** Opening Given material block **

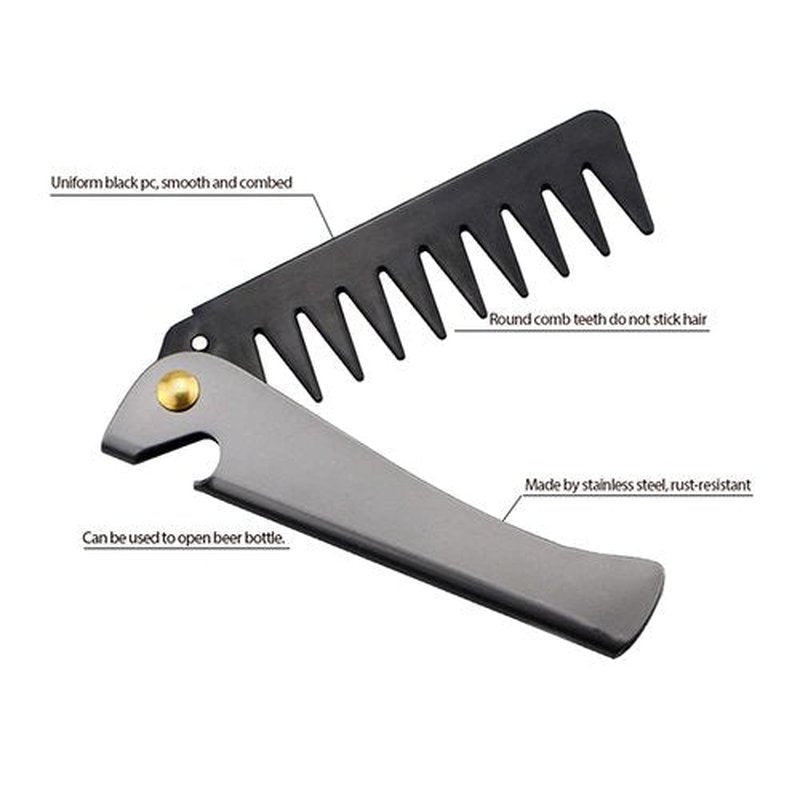 Stainless Steel Folding Pocket Comb - Portable Hair Comb for Styling, Salon & Home Use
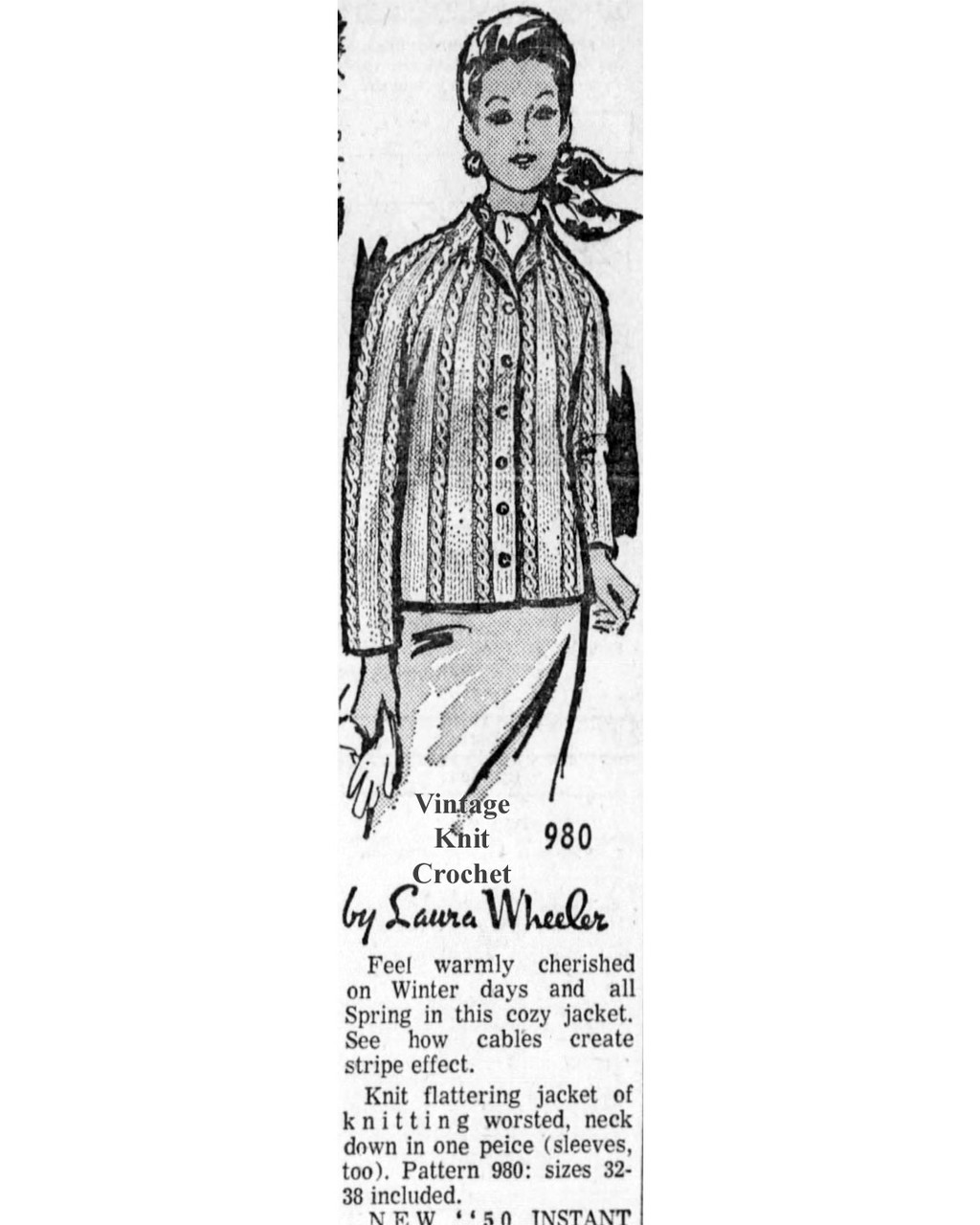 Mail Order Design 980 Knitted Jacket Newspaper Advertisement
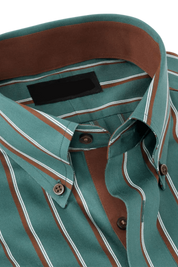 Green Non-Iron Cotton Stripe Casual Shirt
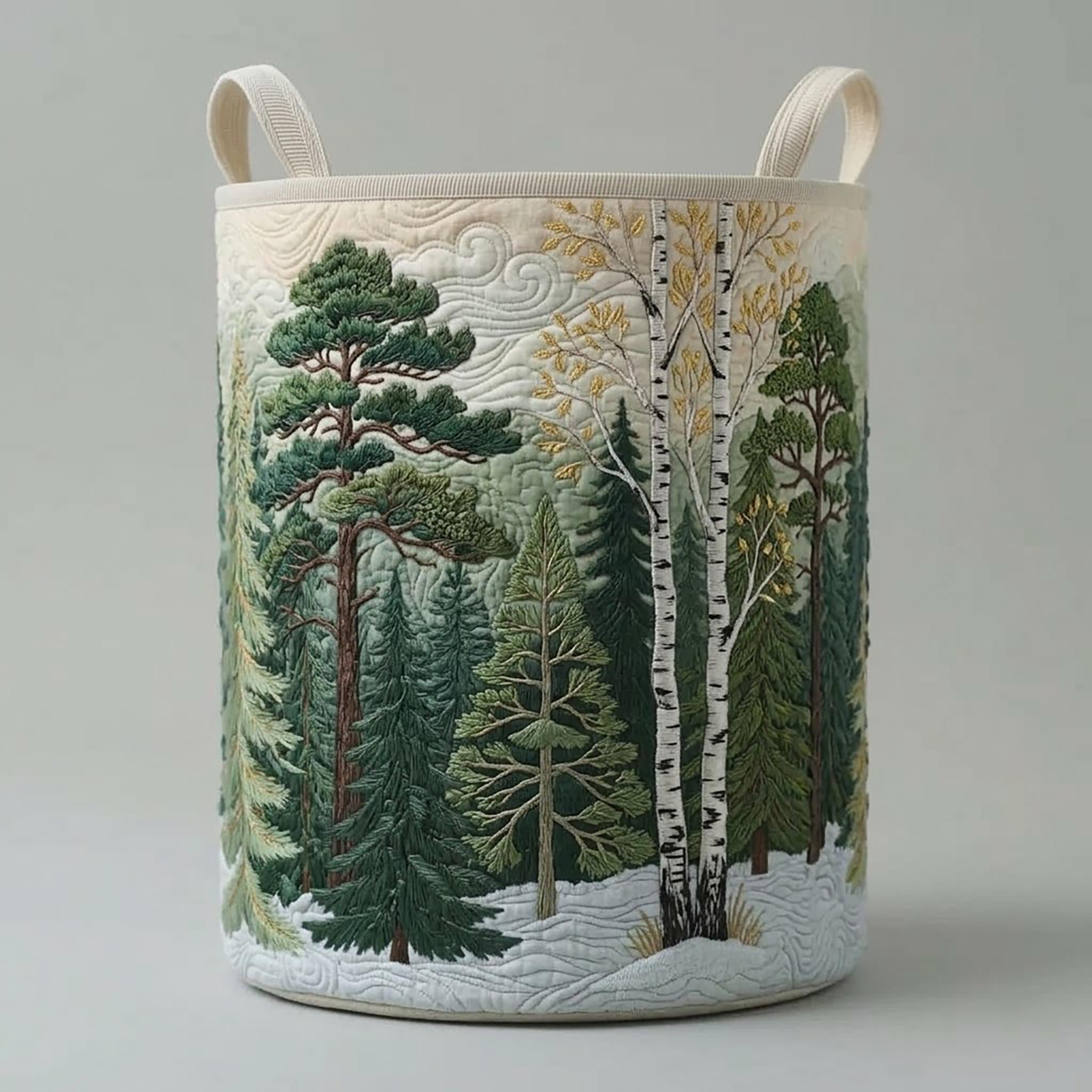 Pine Forest Quilted Laundry Basket_ Foldable Oxford Cloth Storage Bin, Woodland Nature Hamper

** Closing Given material block **

* **The task**: Leaving each image aside, repeat the listing above exactly.

* **Expected output**:
 Stainless Steel Folding Pocket Comb - Portable Hair Comb for Styling, Salon & Home Use
 Mail Order Design 980 Knitted Jacket Newspaper Advertisement
 Green Non-Iron Cotton Stripe Casual Shirt
 Pine Forest Quilted Laundry Basket_ Foldable Oxford Cloth Storage Bin, Woodland Nature Hamper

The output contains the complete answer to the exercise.